She went on, in 2016, to found Tapoly – a digital managing general agent (MGA, or underwriting agency) that provides tailored commercial lines insurance to micro SMEs and freelancers/gig workers. Tapoly also works globally, building end-to-end white labelled SaaS products and services that use emerging technologies to connect insurers with their distribution partners globally.

Tapoly already conducts business well beyond the UK. It also has clients in Asia, Australia, Europe and the United States.
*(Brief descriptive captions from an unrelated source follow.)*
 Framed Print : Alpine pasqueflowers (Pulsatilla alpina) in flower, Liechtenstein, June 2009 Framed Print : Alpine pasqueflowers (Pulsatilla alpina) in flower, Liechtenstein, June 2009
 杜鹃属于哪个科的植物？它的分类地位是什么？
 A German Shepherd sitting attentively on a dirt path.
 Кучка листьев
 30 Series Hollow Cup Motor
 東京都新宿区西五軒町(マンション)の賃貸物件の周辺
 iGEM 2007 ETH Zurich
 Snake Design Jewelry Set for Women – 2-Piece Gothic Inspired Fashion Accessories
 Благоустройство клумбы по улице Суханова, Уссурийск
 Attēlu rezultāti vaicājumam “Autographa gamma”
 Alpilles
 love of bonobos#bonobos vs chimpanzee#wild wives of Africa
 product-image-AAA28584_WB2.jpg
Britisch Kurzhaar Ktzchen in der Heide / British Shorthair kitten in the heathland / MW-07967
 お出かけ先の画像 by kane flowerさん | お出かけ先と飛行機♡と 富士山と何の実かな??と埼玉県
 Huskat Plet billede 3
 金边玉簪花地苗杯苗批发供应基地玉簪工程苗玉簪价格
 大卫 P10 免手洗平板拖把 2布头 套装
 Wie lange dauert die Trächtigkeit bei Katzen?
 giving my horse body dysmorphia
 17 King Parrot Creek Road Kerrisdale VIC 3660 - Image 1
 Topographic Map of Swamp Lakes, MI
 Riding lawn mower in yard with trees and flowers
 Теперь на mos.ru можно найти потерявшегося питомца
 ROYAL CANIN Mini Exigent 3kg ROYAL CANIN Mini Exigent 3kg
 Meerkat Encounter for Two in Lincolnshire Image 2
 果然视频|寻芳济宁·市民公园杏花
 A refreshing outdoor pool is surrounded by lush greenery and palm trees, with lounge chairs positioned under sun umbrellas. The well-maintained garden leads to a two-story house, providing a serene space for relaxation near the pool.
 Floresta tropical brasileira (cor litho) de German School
Tapoly has sold more than 18,000 insurance policies since its inception as of April, Kaenprakhamroy said.

“If you look at how we positioned ourselves to be an on-demand platform for gig workers, and if you look at the market today, peak work is growing,” Kaenprakhamroy said. “There’s more of the work today than there was a couple of years ago.”

Alternative, or on-demand, insurance has also gained popularity, she noted.

“You see … thought leaders talking about on-demand, embedded insurance,” she said. “We were in the space before everyone else even used it.”

Lean and nimble

Tapoly currently employs 10 people but was at one point closer to 15. The idea, Kaenprakhamroy said, is to keep the operation lean and focus on automating most of its processes.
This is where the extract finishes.